* EXERCISE REQUIREMENTS: Print out each entry below exactly, please.

* GIVEN DATA:

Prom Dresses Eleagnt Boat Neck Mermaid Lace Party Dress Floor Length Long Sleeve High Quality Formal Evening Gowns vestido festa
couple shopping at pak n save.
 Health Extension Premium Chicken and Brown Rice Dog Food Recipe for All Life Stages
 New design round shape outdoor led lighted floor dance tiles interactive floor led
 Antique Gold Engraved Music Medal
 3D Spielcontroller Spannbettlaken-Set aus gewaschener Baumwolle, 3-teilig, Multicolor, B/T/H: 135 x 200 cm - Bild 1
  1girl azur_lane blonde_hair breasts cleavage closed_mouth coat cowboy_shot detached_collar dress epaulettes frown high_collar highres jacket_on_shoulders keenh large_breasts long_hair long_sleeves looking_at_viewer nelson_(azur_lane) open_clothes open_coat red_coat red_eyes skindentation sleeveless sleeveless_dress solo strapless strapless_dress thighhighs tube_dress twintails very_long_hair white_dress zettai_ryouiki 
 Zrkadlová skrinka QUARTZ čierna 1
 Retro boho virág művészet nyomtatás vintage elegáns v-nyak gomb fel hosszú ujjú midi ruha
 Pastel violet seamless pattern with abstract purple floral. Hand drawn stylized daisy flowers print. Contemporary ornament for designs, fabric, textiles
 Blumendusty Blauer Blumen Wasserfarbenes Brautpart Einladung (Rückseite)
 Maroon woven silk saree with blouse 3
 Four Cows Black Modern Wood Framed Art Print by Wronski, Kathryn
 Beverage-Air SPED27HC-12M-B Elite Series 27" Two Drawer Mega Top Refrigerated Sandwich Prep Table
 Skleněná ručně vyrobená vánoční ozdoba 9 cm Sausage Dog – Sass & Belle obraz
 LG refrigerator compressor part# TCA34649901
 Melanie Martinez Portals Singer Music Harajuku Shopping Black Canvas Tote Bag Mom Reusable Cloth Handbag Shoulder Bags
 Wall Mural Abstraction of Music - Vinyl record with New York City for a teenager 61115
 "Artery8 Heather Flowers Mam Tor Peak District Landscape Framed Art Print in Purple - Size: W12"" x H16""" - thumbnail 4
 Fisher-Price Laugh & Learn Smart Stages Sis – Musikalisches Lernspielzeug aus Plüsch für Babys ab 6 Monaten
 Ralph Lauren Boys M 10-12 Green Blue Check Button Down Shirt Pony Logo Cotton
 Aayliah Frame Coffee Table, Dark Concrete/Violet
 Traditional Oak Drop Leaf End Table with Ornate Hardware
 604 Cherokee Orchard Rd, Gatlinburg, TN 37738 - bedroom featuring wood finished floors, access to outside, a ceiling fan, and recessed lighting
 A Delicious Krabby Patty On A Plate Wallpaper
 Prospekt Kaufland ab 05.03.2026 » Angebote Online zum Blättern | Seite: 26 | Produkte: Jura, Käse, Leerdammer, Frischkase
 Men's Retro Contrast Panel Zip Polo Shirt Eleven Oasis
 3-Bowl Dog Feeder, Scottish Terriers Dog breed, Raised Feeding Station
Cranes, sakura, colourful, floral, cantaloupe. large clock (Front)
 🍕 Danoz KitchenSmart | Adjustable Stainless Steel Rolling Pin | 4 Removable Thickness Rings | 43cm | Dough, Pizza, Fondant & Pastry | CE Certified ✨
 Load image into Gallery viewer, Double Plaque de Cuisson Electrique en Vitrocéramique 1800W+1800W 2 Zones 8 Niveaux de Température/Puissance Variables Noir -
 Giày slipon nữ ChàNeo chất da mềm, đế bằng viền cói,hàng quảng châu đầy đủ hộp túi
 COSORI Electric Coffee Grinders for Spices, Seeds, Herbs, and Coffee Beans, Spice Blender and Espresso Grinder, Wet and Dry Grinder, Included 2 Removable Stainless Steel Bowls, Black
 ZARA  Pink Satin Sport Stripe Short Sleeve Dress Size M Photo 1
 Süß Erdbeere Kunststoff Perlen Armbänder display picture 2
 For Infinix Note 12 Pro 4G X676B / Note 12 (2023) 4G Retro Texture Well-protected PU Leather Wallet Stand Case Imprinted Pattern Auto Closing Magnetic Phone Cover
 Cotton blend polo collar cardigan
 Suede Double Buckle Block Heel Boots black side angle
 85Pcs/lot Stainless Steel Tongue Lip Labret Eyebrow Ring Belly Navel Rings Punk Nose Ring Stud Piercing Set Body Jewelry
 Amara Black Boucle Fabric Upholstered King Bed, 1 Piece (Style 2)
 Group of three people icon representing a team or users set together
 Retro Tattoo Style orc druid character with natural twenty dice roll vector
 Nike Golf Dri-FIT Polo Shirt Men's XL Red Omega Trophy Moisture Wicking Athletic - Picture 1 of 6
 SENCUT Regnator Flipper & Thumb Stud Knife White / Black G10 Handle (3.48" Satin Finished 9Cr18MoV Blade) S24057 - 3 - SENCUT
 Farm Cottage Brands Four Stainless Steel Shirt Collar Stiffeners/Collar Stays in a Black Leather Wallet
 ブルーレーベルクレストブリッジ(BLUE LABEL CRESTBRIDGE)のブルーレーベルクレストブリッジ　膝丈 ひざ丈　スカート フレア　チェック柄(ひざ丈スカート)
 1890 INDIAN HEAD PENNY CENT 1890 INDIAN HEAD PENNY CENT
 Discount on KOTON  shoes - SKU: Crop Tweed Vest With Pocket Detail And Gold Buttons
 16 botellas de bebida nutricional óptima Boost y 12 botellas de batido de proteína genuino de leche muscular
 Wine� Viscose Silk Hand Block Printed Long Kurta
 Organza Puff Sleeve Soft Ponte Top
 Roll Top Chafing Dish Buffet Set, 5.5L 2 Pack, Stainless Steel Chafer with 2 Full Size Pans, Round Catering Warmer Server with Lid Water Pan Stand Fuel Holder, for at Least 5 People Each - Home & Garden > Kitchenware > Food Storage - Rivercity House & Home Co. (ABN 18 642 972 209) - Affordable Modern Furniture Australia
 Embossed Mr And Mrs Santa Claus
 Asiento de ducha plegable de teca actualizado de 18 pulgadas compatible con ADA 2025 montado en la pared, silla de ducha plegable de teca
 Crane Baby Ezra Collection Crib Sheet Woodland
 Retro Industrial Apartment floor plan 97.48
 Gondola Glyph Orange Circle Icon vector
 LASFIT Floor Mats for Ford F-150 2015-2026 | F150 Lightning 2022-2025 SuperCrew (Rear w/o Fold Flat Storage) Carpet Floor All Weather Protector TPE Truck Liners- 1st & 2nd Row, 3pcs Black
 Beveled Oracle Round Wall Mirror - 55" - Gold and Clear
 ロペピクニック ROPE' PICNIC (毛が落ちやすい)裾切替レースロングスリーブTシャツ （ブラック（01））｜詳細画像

* ANSWER AREA:
Prom Dresses Eleagnt Boat Neck Mermaid Lace Party Dress Floor Length Long Sleeve High Quality Formal Evening Gowns vestido festa
couple shopping at pak n save.
 Health Extension Premium Chicken and Brown Rice Dog Food Recipe for All Life Stages
 New design round shape outdoor led lighted floor dance tiles interactive floor led
 Antique Gold Engraved Music Medal
 3D Spielcontroller Spannbettlaken-Set aus gewaschener Baumwolle, 3-teilig, Multicolor, B/T/H: 135 x 200 cm - Bild 1
  1girl azur_lane blonde_hair breasts cleavage closed_mouth coat cowboy_shot detached_collar dress epaulettes frown high_collar highres jacket_on_shoulders keenh large_breasts long_hair long_sleeves looking_at_viewer nelson_(azur_lane) open_clothes open_coat red_coat red_eyes skindentation sleeveless sleeveless_dress solo strapless strapless_dress thighhighs tube_dress twintails very_long_hair white_dress zettai_ryouiki 
 Zrkadlová skrinka QUARTZ čierna 1
 Retro boho virág művészet nyomtatás vintage elegáns v-nyak gomb fel hosszú ujjú midi ruha
 Pastel violet seamless pattern with abstract purple floral. Hand drawn stylized daisy flowers print. Contemporary ornament for designs, fabric, textiles
 Blumendusty Blauer Blumen Wasserfarbenes Brautpart Einladung (Rückseite)
 Maroon woven silk saree with blouse 3
 Four Cows Black Modern Wood Framed Art Print by Wronski, Kathryn
 Beverage-Air SPED27HC-12M-B Elite Series 27" Two Drawer Mega Top Refrigerated Sandwich Prep Table
 Skleněná ručně vyrobená vánoční ozdoba 9 cm Sausage Dog – Sass & Belle obraz
 LG refrigerator compressor part# TCA34649901
 Melanie Martinez Portals Singer Music Harajuku Shopping Black Canvas Tote Bag Mom Reusable Cloth Handbag Shoulder Bags
 Wall Mural Abstraction of Music - Vinyl record with New York City for a teenager 61115
 "Artery8 Heather Flowers Mam Tor Peak District Landscape Framed Art Print in Purple - Size: W12"" x H16""" - thumbnail 4
 Fisher-Price Laugh & Learn Smart Stages Sis – Musikalisches Lernspielzeug aus Plüsch für Babys ab 6 Monaten
 Ralph Lauren Boys M 10-12 Green Blue Check Button Down Shirt Pony Logo Cotton
 Aayliah Frame Coffee Table, Dark Concrete/Violet
 Traditional Oak Drop Leaf End Table with Ornate Hardware
 604 Cherokee Orchard Rd, Gatlinburg, TN 37738 - bedroom featuring wood finished floors, access to outside, a ceiling fan, and recessed lighting
 A Delicious Krabby Patty On A Plate Wallpaper
 Prospekt Kaufland ab 05.03.2026 » Angebote Online zum Blättern | Seite: 26 | Produkte: Jura, Käse, Leerdammer, Frischkase
 Men's Retro Contrast Panel Zip Polo Shirt Eleven Oasis
 3-Bowl Dog Feeder, Scottish Terriers Dog breed, Raised Feeding Station
Cranes, sakura, colourful, floral, cantaloupe. large clock (Front)
 🍕 Danoz KitchenSmart | Adjustable Stainless Steel Rolling Pin | 4 Removable Thickness Rings | 43cm | Dough, Pizza, Fondant & Pastry | CE Certified ✨
 Load image into Gallery viewer, Double Plaque de Cuisson Electrique en Vitrocéramique 1800W+1800W 2 Zones 8 Niveaux de Température/Puissance Variables Noir -
 Giày slipon nữ ChàNeo chất da mềm, đế bằng viền cói,hàng quảng châu đầy đủ hộp túi
 COSORI Electric Coffee Grinders for Spices, Seeds, Herbs, and Coffee Beans, Spice Blender and Espresso Grinder, Wet and Dry Grinder, Included 2 Removable Stainless Steel Bowls, Black
 ZARA  Pink Satin Sport Stripe Short Sleeve Dress Size M Photo 1
 Süß Erdbeere Kunststoff Perlen Armbänder display picture 2
 For Infinix Note 12 Pro 4G X676B / Note 12 (2023) 4G Retro Texture Well-protected PU Leather Wallet Stand Case Imprinted Pattern Auto Closing Magnetic Phone Cover
 Cotton blend polo collar cardigan
 Suede Double Buckle Block Heel Boots black side angle
 85Pcs/lot Stainless Steel Tongue Lip Labret Eyebrow Ring Belly Navel Rings Punk Nose Ring Stud Piercing Set Body Jewelry
 Amara Black Boucle Fabric Upholstered King Bed, 1 Piece (Style 2)
 Group of three people icon representing a team or users set together
 Retro Tattoo Style orc druid character with natural twenty dice roll vector
 Nike Golf Dri-FIT Polo Shirt Men's XL Red Omega Trophy Moisture Wicking Athletic - Picture 1 of 6
 SENCUT Regnator Flipper & Thumb Stud Knife White / Black G10 Handle (3.48" Satin Finished 9Cr18MoV Blade) S24057 - 3 - SENCUT
 Farm Cottage Brands Four Stainless Steel Shirt Collar Stiffeners/Collar Stays in a Black Leather Wallet
 ブルーレーベルクレストブリッジ(BLUE LABEL CRESTBRIDGE)のブルーレーベルクレストブリッジ　膝丈 ひざ丈　スカート フレア　チェック柄(ひざ丈スカート)
 1890 INDIAN HEAD PENNY CENT 1890 INDIAN HEAD PENNY CENT
 Discount on KOTON  shoes - SKU: Crop Tweed Vest With Pocket Detail And Gold Buttons
 16 botellas de bebida nutricional óptima Boost y 12 botellas de batido de proteína genuino de leche muscular
 Wine� Viscose Silk Hand Block Printed Long Kurta
 Organza Puff Sleeve Soft Ponte Top
 Roll Top Chafing Dish Buffet Set, 5.5L 2 Pack, Stainless Steel Chafer with 2 Full Size Pans, Round Catering Warmer Server with Lid Water Pan Stand Fuel Holder, for at Least 5 People Each - Home & Garden > Kitchenware > Food Storage - Rivercity House & Home Co. (ABN 18 642 972 209) - Affordable Modern Furniture Australia
 Embossed Mr And Mrs Santa Claus
 Asiento de ducha plegable de teca actualizado de 18 pulgadas compatible con ADA 2025 montado en la pared, silla de ducha plegable de teca
 Crane Baby Ezra Collection Crib Sheet Woodland
 Retro Industrial Apartment floor plan 97.48
 Gondola Glyph Orange Circle Icon vector
 LASFIT Floor Mats for Ford F-150 2015-2026 | F150 Lightning 2022-2025 SuperCrew (Rear w/o Fold Flat Storage) Carpet Floor All Weather Protector TPE Truck Liners- 1st & 2nd Row, 3pcs Black
 Beveled Oracle Round Wall Mirror - 55" - Gold and Clear
 ロペピクニック ROPE' PICNIC (毛が落ちやすい)裾切替レースロングスリーブTシャツ （ブラック（01））｜詳細画像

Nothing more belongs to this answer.